EXERCISE DIRECTIONS:
Go through the listing that follows and write it out exactly. Drop the pictures.

RECORDS FOR THIS TASK:
* * *
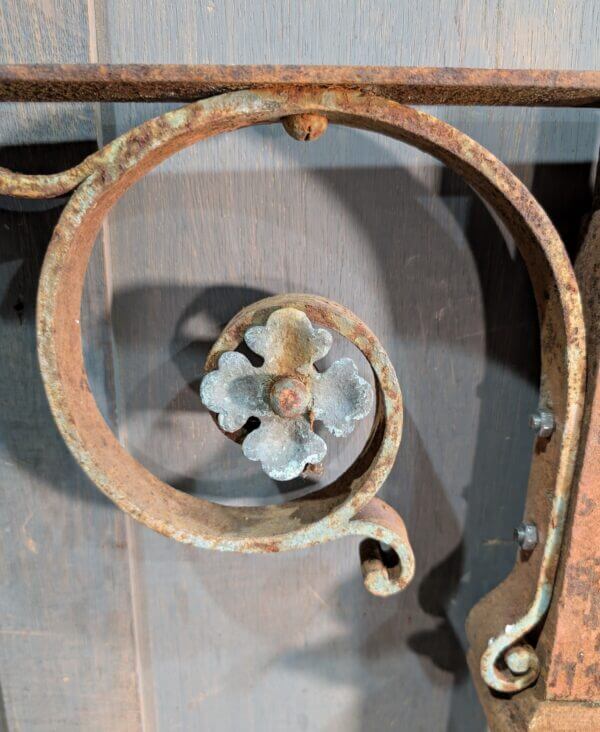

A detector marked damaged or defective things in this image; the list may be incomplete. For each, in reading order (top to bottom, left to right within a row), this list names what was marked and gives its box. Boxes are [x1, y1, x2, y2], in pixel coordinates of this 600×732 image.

rusted metal bar [1, 63, 600, 106]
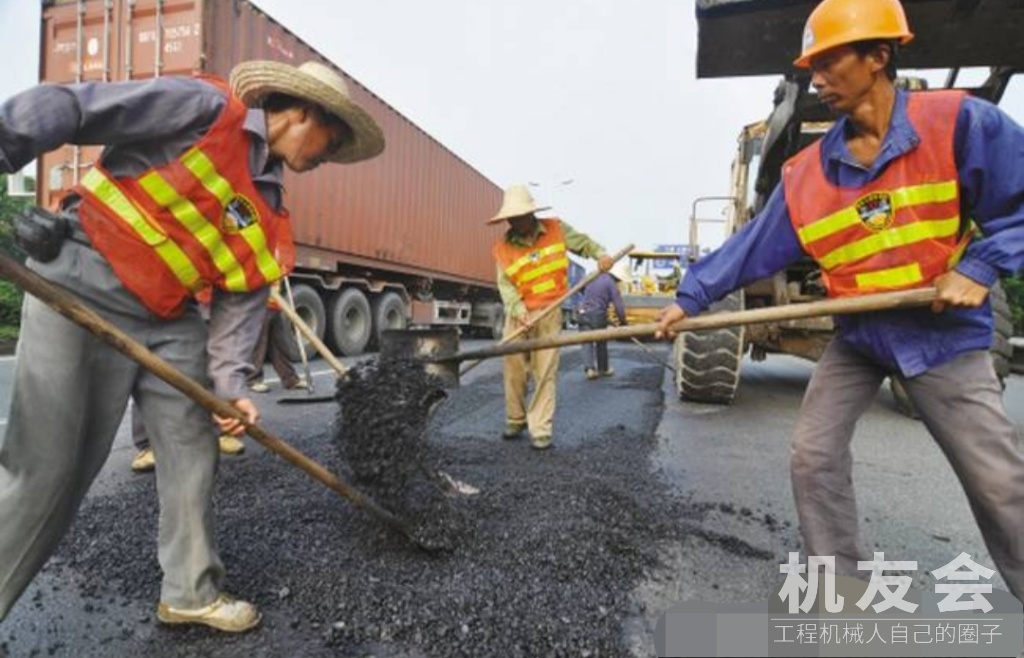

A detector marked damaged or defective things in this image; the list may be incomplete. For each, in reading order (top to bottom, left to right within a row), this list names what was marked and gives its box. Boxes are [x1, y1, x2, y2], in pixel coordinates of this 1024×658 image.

rusty container [37, 0, 501, 288]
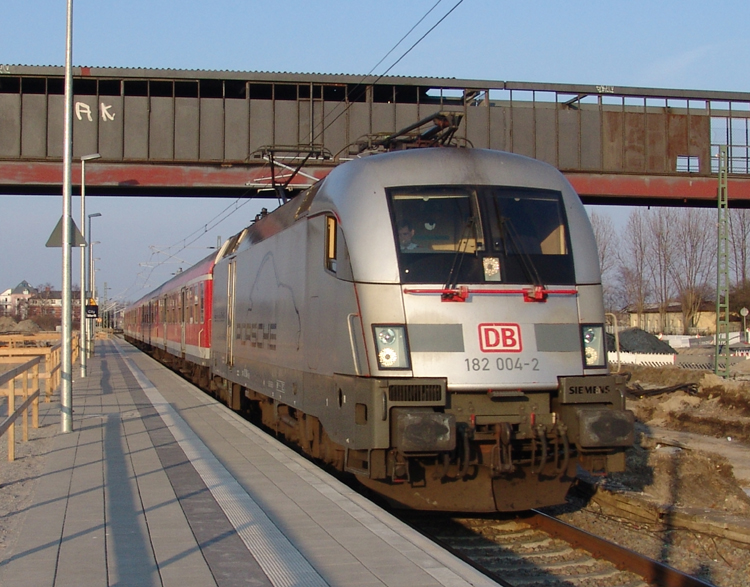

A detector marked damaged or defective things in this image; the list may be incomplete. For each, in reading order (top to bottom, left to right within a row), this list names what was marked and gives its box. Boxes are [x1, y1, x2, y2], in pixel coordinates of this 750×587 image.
* * *
SOLUTION TO THE PROBLEM:
A detector marked damaged or defective things in this image; the list may be incomplete. For each, in reading order (top to bottom, left to right within a row), this list names what was marked and gives its box. Boxes are [x1, y1, x2, y2], in pixel coordinates of this 600×732 image.

rusted metal bar [1, 63, 600, 106]

A detector marked damaged or defective things in this image; the list may be incomplete. For each, in reading order (top to bottom, left to right within a row), this list names what was marked and gives its box. Boxes are [x1, y1, x2, y2], in pixel coordinates of this 1024×658 image.

rusty container [37, 0, 501, 288]

A detector marked damaged or defective things in this image; the list may be incomplete. For each, in reading order (top to bottom, left to right within a row), this list names what was marked and gives its box. Boxes are [x1, y1, x2, y2], in pixel coordinates of this 750×587 image.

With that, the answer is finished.